Beyond the light cylinder

To account for these observations, the authors propose that millisecond pulsars generate radio waves in two distinct locations. One is close to the magnetic poles, consistent with the traditional model. The other is in a turbulent structure known as the current sheet, located just beyond what physicists call the light cylinder.

The light cylinder marks the boundary at which co-rotating magnetic field lines would need to travel at the speed of light to keep pace with the star’s rotation. Beyond that boundary, the magnetic geometry breaks down into a swirling sheet of charged particles — a region already known to produce gamma rays. The new finding suggests this same region also generates radio emission.

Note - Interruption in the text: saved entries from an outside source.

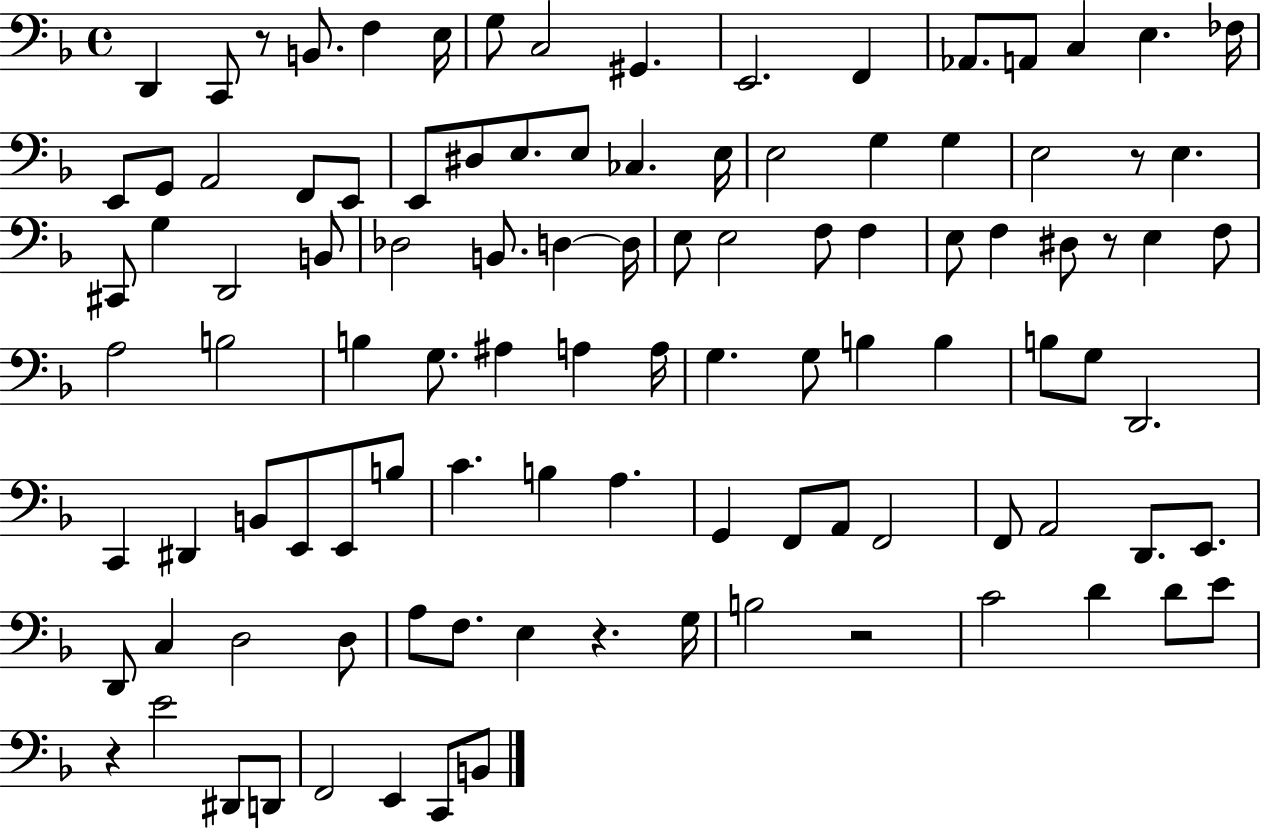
{
  \clef bass
  \time 4/4
  \defaultTimeSignature
  \key f \major
  \repeat volta 2 { d,4 c,8 r8 b,8. f4 e16 | g8 c2 gis,4. | e,2. f,4 | aes,8. a,8 c4 e4. fes16 | \break e,8 g,8 a,2 f,8 e,8 | e,8 dis8 e8. e8 ces4. e16 | e2 g4 g4 | e2 r8 e4. | \break cis,8 g4 d,2 b,8 | des2 b,8. d4~~ d16 | e8 e2 f8 f4 | e8 f4 dis8 r8 e4 f8 | \break a2 b2 | b4 g8. ais4 a4 a16 | g4. g8 b4 b4 | b8 g8 d,2. | \break c,4 dis,4 b,8 e,8 e,8 b8 | c'4. b4 a4. | g,4 f,8 a,8 f,2 | f,8 a,2 d,8. e,8. | \break d,8 c4 d2 d8 | a8 f8. e4 r4. g16 | b2 r2 | c'2 d'4 d'8 e'8 | \break r4 e'2 dis,8 d,8 | f,2 e,4 c,8 b,8 | } \bar "|."
} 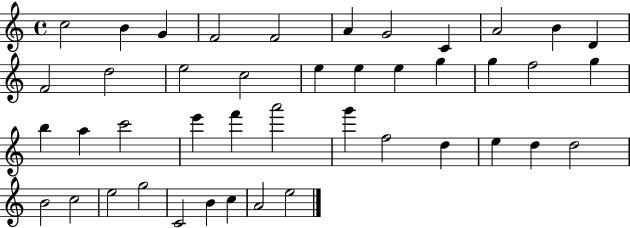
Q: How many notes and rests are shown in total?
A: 43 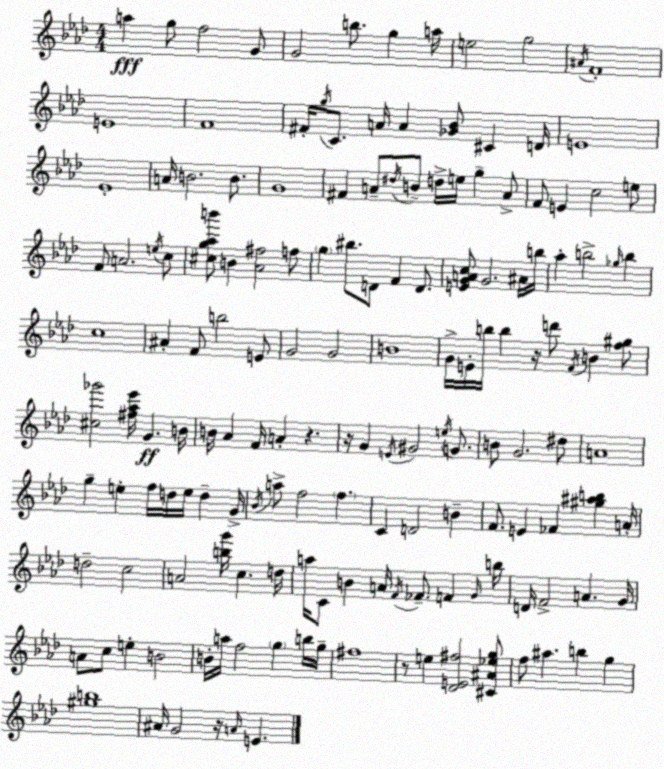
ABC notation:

X:1
T:Untitled
M:4/4
L:1/4
K:Fm
a g/2 f2 G/2 G2 b/2 g a/4 e2 g2 ^A/4 F4 E4 F4 ^F/4 g/4 C/2 A/4 A [_G_B]/2 ^C D/4 E4 _E4 A/4 B2 B/2 G4 ^F A/2 ^d/4 B/2 d/4 e/4 g A/2 F/2 E c2 e/2 F/2 A2 e/4 c/2 [^cg_ab']/2 B [_A^f]2 f/2 g ^b/2 D/2 F D/2 [EGAc]/2 G2 ^A/4 b/4 _a b2 _g/4 b c4 ^A F/2 b2 E/2 G2 G2 B4 G/4 E/4 b/4 b z/4 d'/2 F/4 B [f^g]/2 [^c_g']2 [^f_a_e']/4 G B/4 B/4 _A F/4 A z z/4 G E/4 ^G2 e/4 G/2 B/2 G2 ^d/2 A4 g e f/4 d/4 e/4 d G/4 _B/4 a/2 f2 f C D2 B F/2 E _F [^g^ab] A/4 d2 c2 A2 [bg']/4 c d/4 a/4 C/2 B A/4 F/4 _F/2 F G/4 b/4 D/4 F2 A G/4 A/2 c/2 e B2 B/4 a/4 f2 g b/4 g/4 ^f4 z/2 e [_DE^f]2 [^C^A_eg]/2 f/2 ^a b g [^gb]4 ^A/4 G2 z/4 A/4 E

Depending on the viewing angle, an observer may detect radio signals from near the surface, from the current sheet region, or from both simultaneously. This geometry naturally explains the fragmented, multi-component radio profiles that have puzzled astronomers for years, as well as the persistent difficulties in interpreting the polarization of radio waves from millisecond pulsars.

Broader consequences for pulsar science

The implications extend well beyond this specific class of stars. If radio emission is not confined to a narrow cone near the magnetic poles but instead spreads over a wider range of directions from an outer emission region, then more millisecond pulsars may be detectable than current surveys suggest. Searches designed around the traditional geometric model may have missed a significant fraction of these objects.

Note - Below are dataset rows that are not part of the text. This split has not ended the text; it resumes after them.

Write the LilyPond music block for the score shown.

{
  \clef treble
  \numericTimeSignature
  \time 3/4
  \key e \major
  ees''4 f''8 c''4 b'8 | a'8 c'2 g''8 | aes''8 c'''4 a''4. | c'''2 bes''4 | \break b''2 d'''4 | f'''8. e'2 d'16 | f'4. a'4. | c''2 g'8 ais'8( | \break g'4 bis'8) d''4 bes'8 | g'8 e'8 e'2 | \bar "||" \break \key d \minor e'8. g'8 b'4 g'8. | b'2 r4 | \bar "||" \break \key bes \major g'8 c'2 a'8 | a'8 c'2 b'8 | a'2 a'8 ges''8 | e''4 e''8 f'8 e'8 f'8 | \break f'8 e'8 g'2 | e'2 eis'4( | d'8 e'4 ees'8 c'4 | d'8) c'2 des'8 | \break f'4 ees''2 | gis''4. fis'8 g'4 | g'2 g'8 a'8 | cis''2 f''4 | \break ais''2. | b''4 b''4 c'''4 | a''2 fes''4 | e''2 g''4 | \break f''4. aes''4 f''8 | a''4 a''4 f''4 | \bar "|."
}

The finding also strengthens the case that virtually all gamma-ray millisecond pulsars emit radio waves — even if those signals are faint or geometrically unfavorable for detection. For theorists, the challenge now is to explain how coherent, stable radio pulses can be sustained so far from the stellar surface, in one of the most energetically turbulent environments in the universe.

«Millisecond pulsars are key tools for studying gravity, dense matter, and even gravitational waves. Understanding where their signals come from — and why they look the way they do — is essential for using them as precision instruments,» said Kramer.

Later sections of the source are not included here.